Nous nous demandons d'abord si la ségrégation observable au plan résidentiel est plus ou moins marquée que la ségrégation au plan scolaire. Nous nous demandons ensuite dans quelle mesure la première ségrégation résidentielle explique la seconde. Pour répondre à ces deux questions, nous nous attachons dans un premier temps à décrire la répartition résidentielle des enfants. Nous mettons en évidence la double logique (socio-économique et communautaire) structurant cette répartition spatiale. Dans un second temps, nous montrons que la ségrégation scolaire est plus accentuée que la ségrégation résidentielle, mais aussi qu'il y a proportionnellement de plus gros effectifs d'enfants dans les écoles favorisées que dans les quartiers favorisés.

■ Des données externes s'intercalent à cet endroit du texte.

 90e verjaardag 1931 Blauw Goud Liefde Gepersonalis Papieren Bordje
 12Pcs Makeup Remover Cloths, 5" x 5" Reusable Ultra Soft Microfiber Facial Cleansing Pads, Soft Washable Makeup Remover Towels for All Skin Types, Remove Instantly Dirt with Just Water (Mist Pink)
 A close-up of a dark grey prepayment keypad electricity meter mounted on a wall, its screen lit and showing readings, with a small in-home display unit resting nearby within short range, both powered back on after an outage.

Nous expliquons une partie de ces décalages par les flux scolaires entre la région et sa périphérie. Mais nous soulignons que la cause principale de ce différentiel de ségrégation est à chercher du côté des mobilités spatiales et sociales des « internes », c'est-à-dire des enfants domiciliés et scolarisés à Bruxelles. Le libre choix permet en effet aux plus favorisés d'un quartier d'accéder à des écoles socialement plus favorisées que celles dans lesquelles s'inscrivent leurs voisins moins dotés en capitaux.
Ces constats, qui démentent les rhétoriques fréquentes considérant la ségrégation résidentielle comme la source essentielle de la ségrégation scolaire, ouvrent des questions à propos des régulations à mettre en place pour favoriser davantage de mixité (Cantillon, 2009). Mais ils questionnent aussi ce qui fonde les comportements générateurs de ségrégation dans le chef des écoles et des familles, et plus fondamentalement les raisons qu'il y a à souhaiter davantage de mixité scolaire.

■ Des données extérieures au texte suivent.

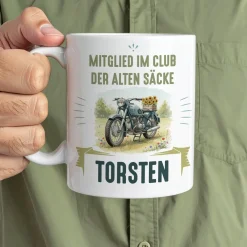 Tasse mit Oldtimer Motorrad Motiv, personalisiert mit Name und Wunschtext | Geschenk für Biker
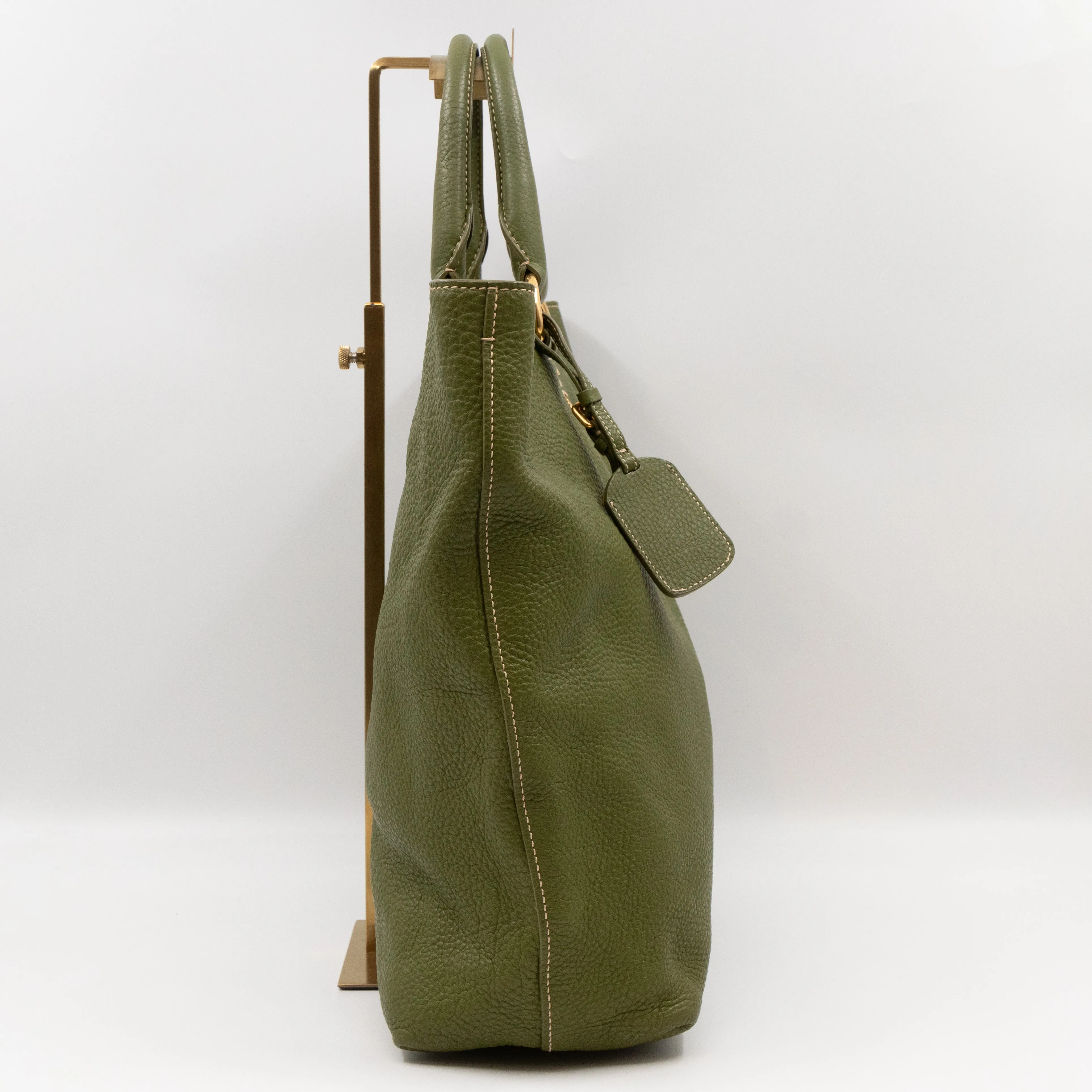 Shopping Tote Green Leather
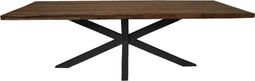 Rechthoekige eettafel tuin - 220x100x76 - Naturel/zwart - Teak/metaal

Regard réflexif sur la question de recherche
Une telle conclusion devrait conduire les chercheurs du champ à s'interroger sur la pertinence des questions qu'ils se posent à propos de la ségrégation scolaire, et sur les conceptions de l''action politique qui sous-tendent les recherches qu'ils mènent sur cette problématique. S'interrogent-ils en effet suffisamment sur le lien entre le contexte sociétal néo-libéral et les raisons qui poussent les familles à renoncer à la mixité scolaire ?
Références bibliographiques
Ben Ayed Ch. (2009), Carte scolaire et marché scolaire, Du temps.
Cantillon E. (2009), Réguler les inscriptions à Bruxelles, Brussels studies, n° 32.
Felouzis G., Maroy C. et van Zanten A. (2013), Les marchés scolaires. Sociologie d'une politique publique d'éducation, PUF, coll. « Education et société ».
Marissal P. (2014, La ségrégation entre écoles maternelles. Inégalités entre implantations scolaires : les inégalités sociales entre quartiers ont trop bon dos, Education et formation, e-302
Oberti M. (2007), L'école dans la ville, Presses de Sciences Po.
Oberti M. et Préteceille E. (2016), La ségrégation urbaine, La Découverte.